The researchers found that when the puff of air was paired with the aspirated word, people got better at identifying the sound. When the puff of air was paired with "ba" or "da," accuracy declined.

"This is a very intriguing finding, raising lots of theoretical possibilities and future studies," said Shinsuke Shimojo, head of a psychophysics laboratory at California Institute of Technology. He said it was interesting that the puff seemed to be an implicit signal for one sound over another, and worked at both spots on the body. The people were not told or taught that the puff was meant to signal a certain sound, and the researchers tried to choose spots on the body that likely did not feel aspirated puffs when people were speaking.

While it is not yet clear what is happening in the brains of people who "hear" puffs of air, the experiment supports the idea that people integrate information from touch with sounds they hear. In a study published in the journal NeuroImage three years ago, Finnish researchers used brain imaging to study 13 subjects and found that touch activated the auditory cortex, a part of the brain that is involved in hearing.

Charlotte Reed, a senior research scientist at the Massachusetts Institute of Technology, specializes in researching the ways in which touch can be used to interpret speech, by studying deaf-blind people who learn the Tadoma method -- a way of learning to talk and hear by placing a hand on the neck and mouth of a speaker.

"We know the auditory and tactile senses interact," Reed said. She pointed out that the new study certainly shows that touch can give a conflicting signal, making someone hear a "ba" as a "pa," but also shows that a person's accuracy in understanding a sound can be enhanced. Using touch to enhance hearing is the basic idea behind her research, which uses a machine called the "tactuator" that involves three vibrating and moving prongs -- one for the thumb, forefinger, and middle finger to rest on -- to turn speech into something people feel.

The idea is to create an aid for lipreading, and eventually to use the information gleaned from the bulky, three-pronged device to create software that could one day be used to turn a simple device like a cellphone into a prosthetic for deaf people. The microphone on a cellphone could translate a speaker's voice into tactile signals that could help a person understand someone as they were lip-reading.

Research on how the senses intersect in productive and conflicting ways goes beyond touch and speech.

Earlier this year, other researchers published research showing that people hear through their face. Stretching a person's facial muscles into shapes normally associated with speech could make them hear words differently. For example, when the researchers played an ambiguous word, they found that people heard the word as "head" when their facial skin was stretched upwards, and heard "had" when their facial skin was stretched downwards.

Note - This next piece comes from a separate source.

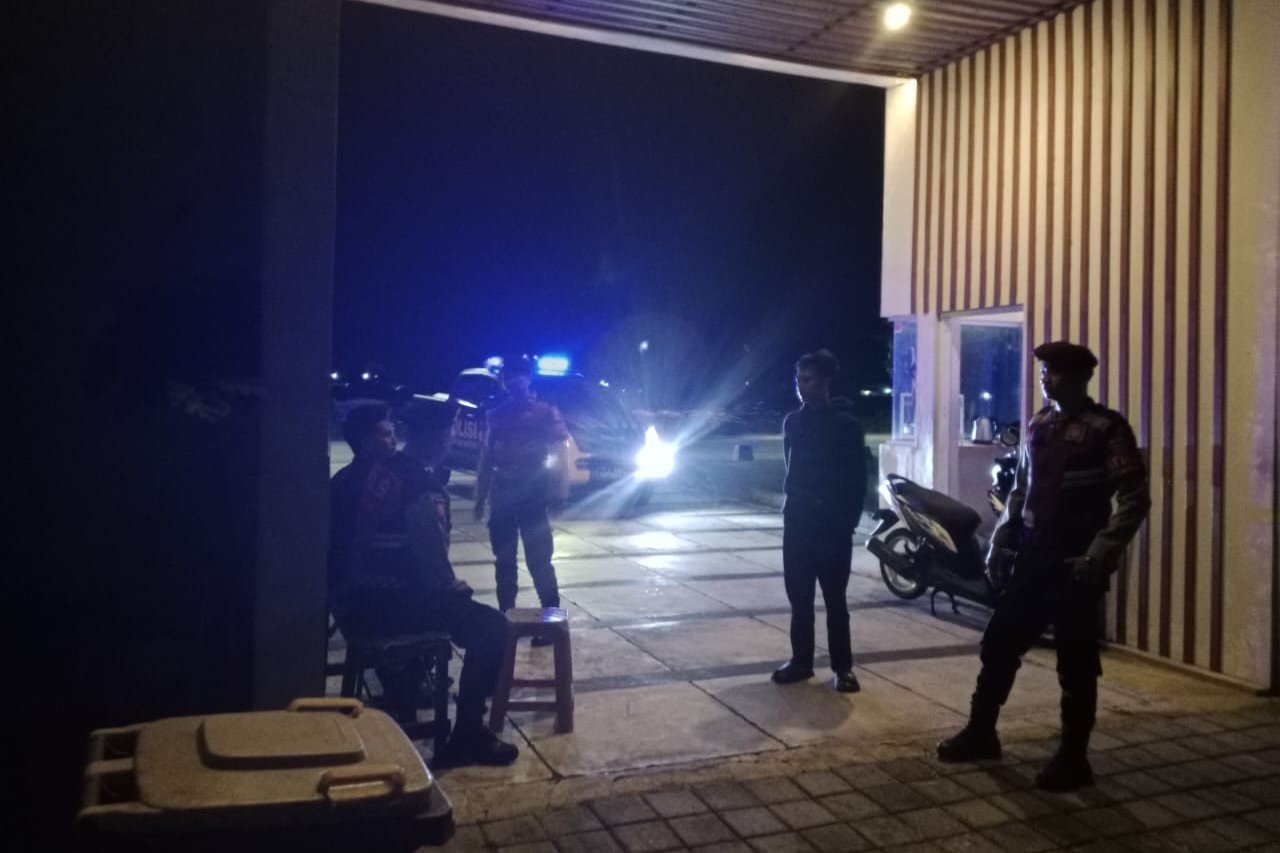 Polres Lombok Barat Intensifkan Patroli Blue Light di Bypass BIL I Gerung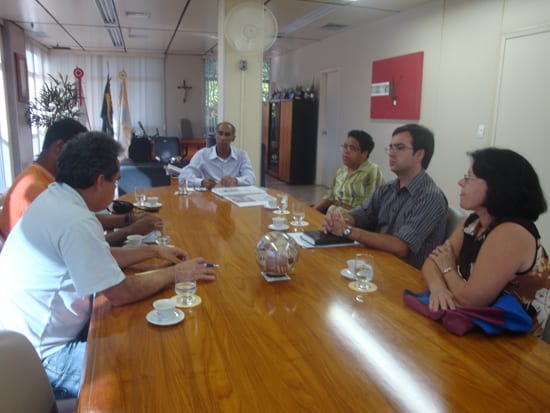 João Izael se reúne com representantes do projeto de revitalização do BelaCamp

Other researchers have described the parchment-skin illusion, in which people rub their palms together next to a microphone and hear the sound through earphones. When scientists enhanced the rubbing noises, people reported their hands felt dry, like parchment paper -- an example of feeling with their ears. In another study, researchers found that by simply tweaking the sound of people crunching on a potato chip, listeners rated the chip as more crispy.

CalTech's Shimojo studies vision and has demonstrated that people shown a flash of light accompanied by a beep will report seeing two flashes if they then hear two beeps but see only one flash.

Gick says his research has potential for helping people hear using touch, but for now he hopes to use brain imaging to reveal what is happening when people "hear" an air puff.

Taken together, such work is more than just a collection of cross-sensory illusions: it suggests something fundamental about how our brains work.

"It's starting to look more and more like we're perceiving machines," Gick said. "Are we physically constructed to take in information, irrespective of where it's coming from or what form it's in?"